# [Task instructions]
Repeat exactly the opening lines of the records, ending with the line that contains "仙女湖 第39集视频封面图".

[Opening Source material section]

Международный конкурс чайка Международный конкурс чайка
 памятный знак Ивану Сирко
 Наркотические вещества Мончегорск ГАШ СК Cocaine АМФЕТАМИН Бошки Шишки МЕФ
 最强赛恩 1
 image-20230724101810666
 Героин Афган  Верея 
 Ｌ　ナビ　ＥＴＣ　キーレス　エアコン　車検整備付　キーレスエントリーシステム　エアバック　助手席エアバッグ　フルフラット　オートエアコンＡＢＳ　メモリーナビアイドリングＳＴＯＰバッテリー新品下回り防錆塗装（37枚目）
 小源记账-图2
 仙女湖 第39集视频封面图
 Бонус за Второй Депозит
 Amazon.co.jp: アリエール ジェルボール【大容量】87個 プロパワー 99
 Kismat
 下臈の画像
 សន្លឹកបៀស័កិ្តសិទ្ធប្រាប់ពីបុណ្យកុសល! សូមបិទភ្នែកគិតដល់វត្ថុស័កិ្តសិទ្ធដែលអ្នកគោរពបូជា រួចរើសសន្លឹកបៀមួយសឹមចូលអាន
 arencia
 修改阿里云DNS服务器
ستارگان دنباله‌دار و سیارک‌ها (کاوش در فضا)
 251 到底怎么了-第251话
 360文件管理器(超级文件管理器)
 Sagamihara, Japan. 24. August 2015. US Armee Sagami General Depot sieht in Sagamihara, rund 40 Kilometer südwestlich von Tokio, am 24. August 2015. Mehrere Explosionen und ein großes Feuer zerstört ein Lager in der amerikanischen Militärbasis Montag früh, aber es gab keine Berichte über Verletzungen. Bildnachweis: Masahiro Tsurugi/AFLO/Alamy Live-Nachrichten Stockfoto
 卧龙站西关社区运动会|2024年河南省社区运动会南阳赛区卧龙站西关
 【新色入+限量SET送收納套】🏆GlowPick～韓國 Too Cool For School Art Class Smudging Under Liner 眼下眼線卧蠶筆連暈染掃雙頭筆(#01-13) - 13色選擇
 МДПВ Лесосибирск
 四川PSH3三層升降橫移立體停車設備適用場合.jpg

[Closing Source material section]

# [Written response]
Международный конкурс чайка Международный конкурс чайка
 памятный знак Ивану Сирко
 Наркотические вещества Мончегорск ГАШ СК Cocaine АМФЕТАМИН Бошки Шишки МЕФ
 最强赛恩 1
 image-20230724101810666
 Героин Афган  Верея 
 Ｌ　ナビ　ＥＴＣ　キーレス　エアコン　車検整備付　キーレスエントリーシステム　エアバック　助手席エアバッグ　フルフラット　オートエアコンＡＢＳ　メモリーナビアイドリングＳＴＯＰバッテリー新品下回り防錆塗装（37枚目）
 小源记账-图2
 仙女湖 第39集视频封面图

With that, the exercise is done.